Well if you're planning on doing a yum update anyway just cat rpmlist | xargs yum -y install
Better solution to this though is a basic ansible task list defining what you need.
On Wed, 18 May 2016 18:17:10 +0100 James Hogarth wrote:
Well if you're planning on doing a yum update anyway just cat rpmlist | xargs yum -y install
That wouldn't remove the unneeded packages on the second system.
On 05/18/2016 12:37 PM, Frank Cox wrote:
On Wed, 18 May 2016 18:17:10 +0100 James Hogarth wrote:
Well if you're planning on doing a yum update anyway just cat rpmlist | xargs yum -y install
That wouldn't remove the unneeded packages on the second system.

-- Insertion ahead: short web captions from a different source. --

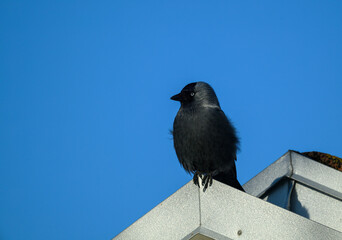 A western jackdaw is perching on the edge of a metallic rooftop, showcasing its sleek feathers. The vibrant blue sky serves as a striking backdrop in bright daylight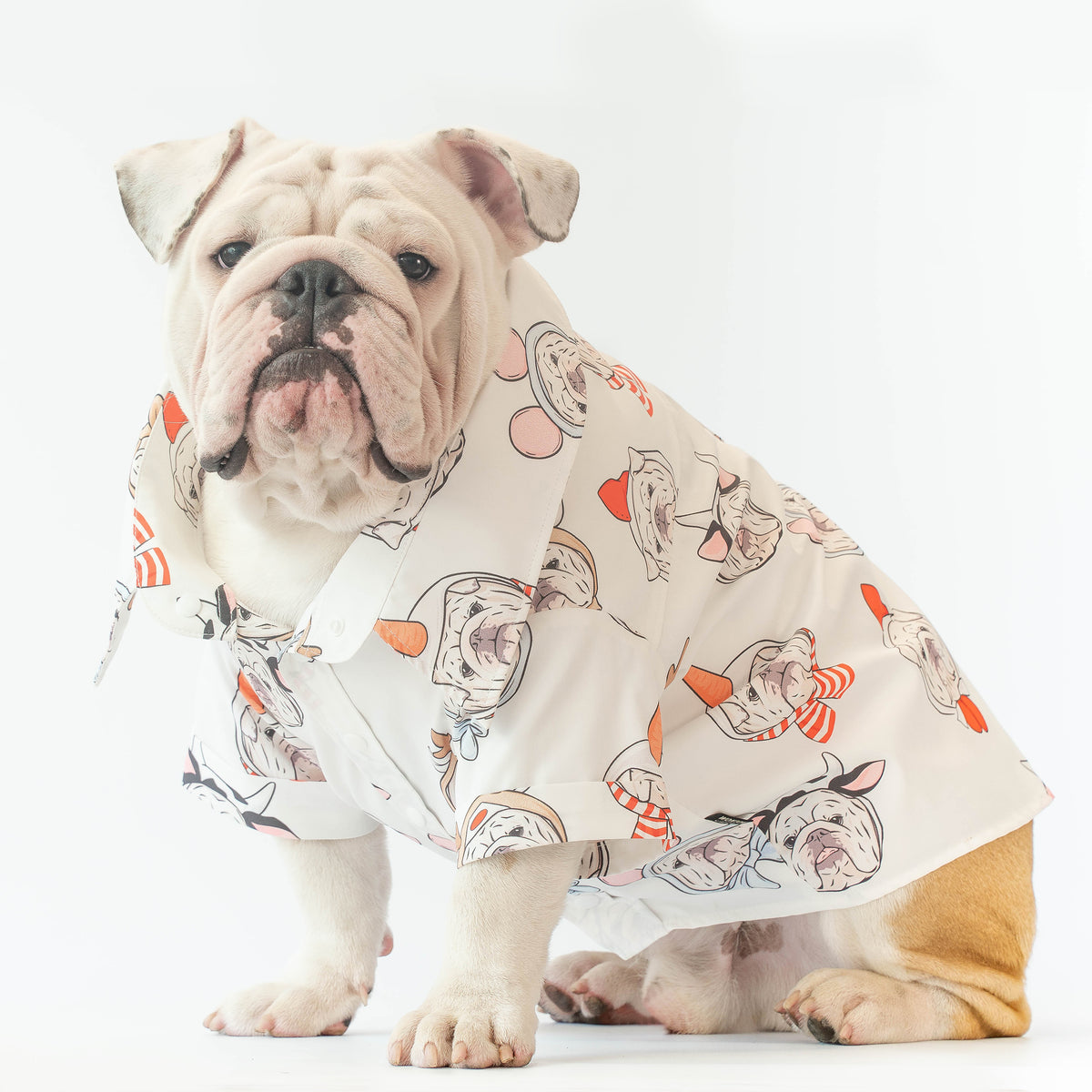 WONTON DESIGN 4 Year Celebration Limited Edition shirt (Pima cotton)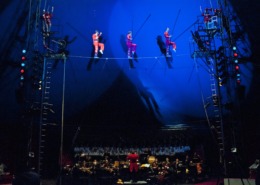 dsc_5370_8272984417_o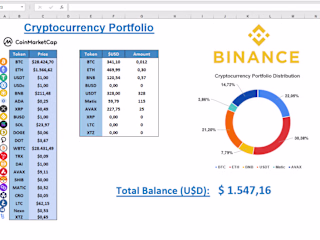 Real-time Cryptocurrency Portfolio Tracker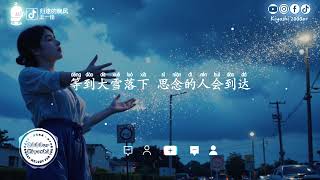 王一佳 - 归途的晚风 (抖音热播版)『绿皮火车一站一站 带走了旅人，结束一年异乡的漂泊 踏上归程，不知不觉 望向窗外 已大雪纷纷』【高音質 动态歌词MV/PinyinLyrics】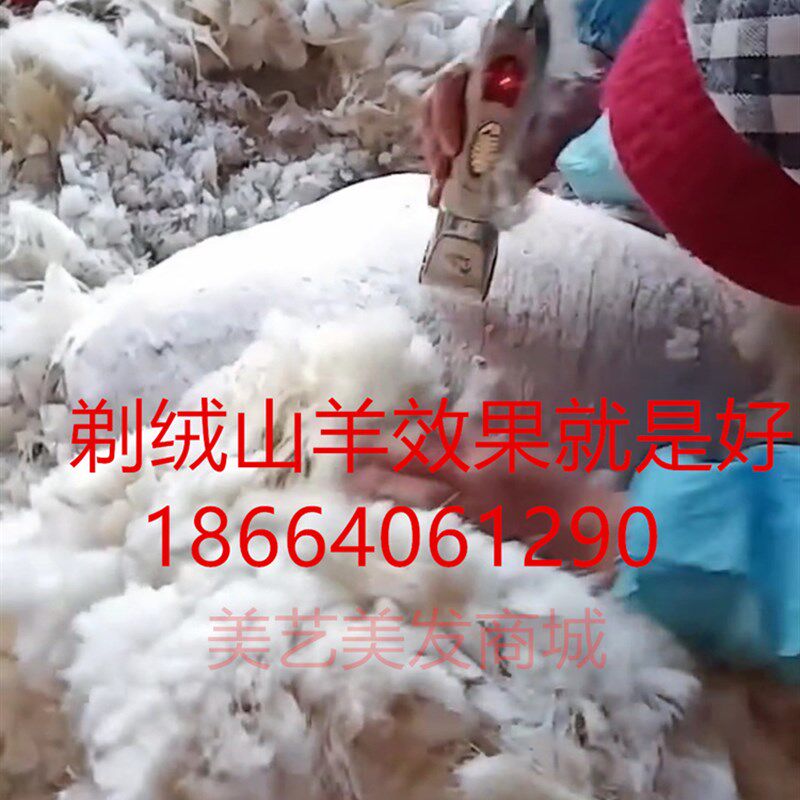 大功率绒山羊长毛兔剃毛器泰迪狗毛电推剪电动推子狗狗宠物剪毛器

So, reinstall it from scratch, a minimal install, then yum install the package list .. obviously if you want to mirror on the second machine exactly what is on the other system, whats on it now is irrelevant (right?).
Yum is a tool to install stuff, it is not a configuration management tool. They make configuration management programs as well. Ansible, Puppet, Salt (all with or without Foreman) and several other things can do what you want to manage system configurations.
If you don't want to reinstall that other machine from scratch .. You can create a filelist using rpm -qa from each machine .. use diff of those filelists to figure out what is on the second machine you don't want (it will have a + or a - in the diff file, depending on how you run the command). The things you want on the second machine which are not there will have the opposite sign.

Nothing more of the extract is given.